Induction of an attaching and effacing (A/E) lesion on the intestinal mucosa is a pathogenic mechanism shared by a number of enteric human and animal pathogens, including enteropathogenic Escherichia coli (EPEC) and enterohemorrhagic E. coli (EHEC) (reviewed in reference 15). A/E lesion formation is characterized by localized destruction (effacement) of brush border microvilli, intimate attachment of the bacillus to the host cell plasma membrane, and formation of an underlying pedestal-like structure in the host cell, a process that involves exploitation of both the host cell actin (16) and intermediate filament cytoskeletons (1).

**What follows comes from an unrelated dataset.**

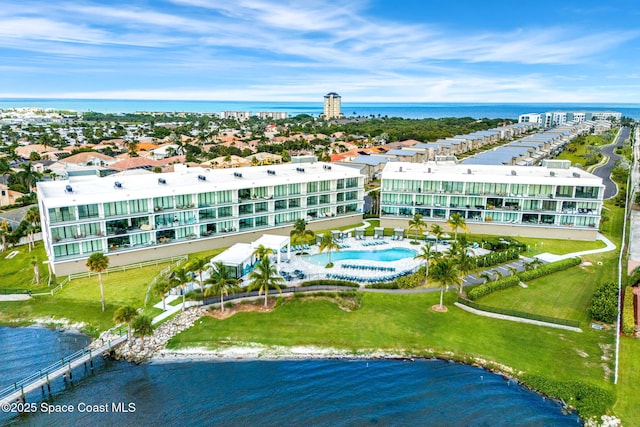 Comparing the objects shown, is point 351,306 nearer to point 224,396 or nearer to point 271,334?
point 271,334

The genes encoding the A/E phenotype are encoded on a pathogenicity island (PAI) termed the locus of enterocyte effacement (LEE) (9, 20). The LEE encodes a filamentous type III secretion system (FTTSS) (6, 17, 23) that delivers effector proteins which subvert host cell physiology for the benefit of the extracellular bacterium (10). Five translocated effector proteins (Map, Tir, EspF, EspG, and EspH) are encoded within the LEE (reviewed in reference 11). A number of type III EPEC and EHEC effector proteins have recently been shown to be carried on prophages (2, 12, 21).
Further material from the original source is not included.